Cheers for Farm Day
Published 10:33 pm Tuesday, October 16, 2018
The Farm Day field trip that local second-graders got to take last week, and that more will be taking next month after a weather postponement, is hands-down one of the best field trips we have ever heard of.
The second-graders who attended Farm Day got to pet animals like goats, cows and llamas, hold a Madagascar hissing cockroach, see a demonstration on how to milk a cow, make their own bag with a soybean plant that will germinate, learn how cotton is processed into clothing and learn how barometers and other weather instruments work.
As if that weren’t enough, they even got a sweet treat with “edible soil,” with layers of vanilla wafers, chocolate pudding, sprinkles, gummy worms and crushed Oreos representing layers of soil and organisms living in it.
All in all, Farm Day sounds like a pretty fun day to us.
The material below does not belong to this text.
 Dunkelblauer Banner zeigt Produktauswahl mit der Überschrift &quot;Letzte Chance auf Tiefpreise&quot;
The students probably don’t even realize they’re learning stuff for their Standards of Learning tests and reinforcing information taught in the classroom, what with all the fun things going on.
Many parts of Suffolk are rural, but there are still second-graders at many of the city’s elementary schools that have never had the chance to go to a farm before or to see firsthand where their food and clothing come from.
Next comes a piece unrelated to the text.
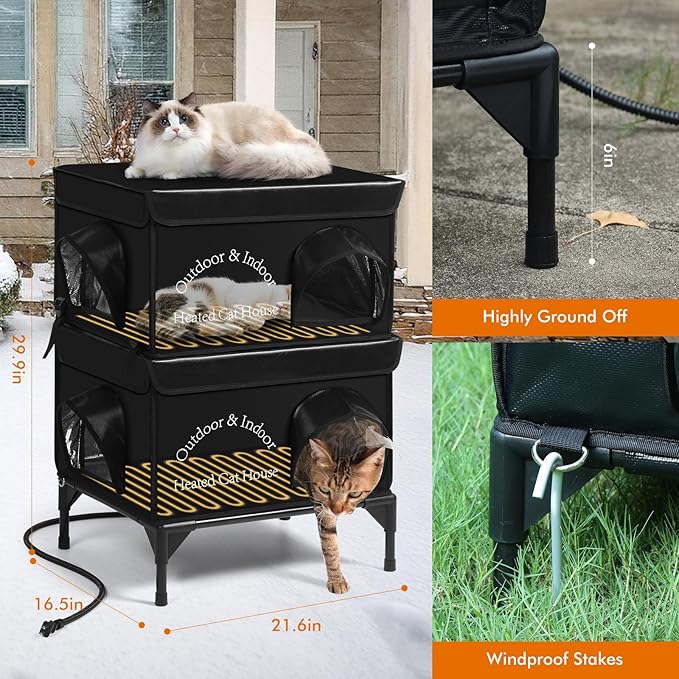 Yeatruojeet 2 Story Heated Cat House for Outside, 100% Waterproof, Safe Escape Door, Elevated Base, Weatherproof Insulated Shelter for Stray Feral Barn Cat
Farm Day is an exciting opportunity for these youngsters to learn not only information they will need for future tests but also information they will need for life in general. They may be inspired to become a farmer or a protector of agriculture or maybe just to start their own home garden and grow their own food.
Whatever happens, Farm Day is an excellent opportunity to cheer about. Suffolk Public Schools, the Virginia Tech Tidewater Agricultural Research and Extension Center, the Peanut Soil and Water Conservation District and many other organizations and agencies are to be applauded for their efforts.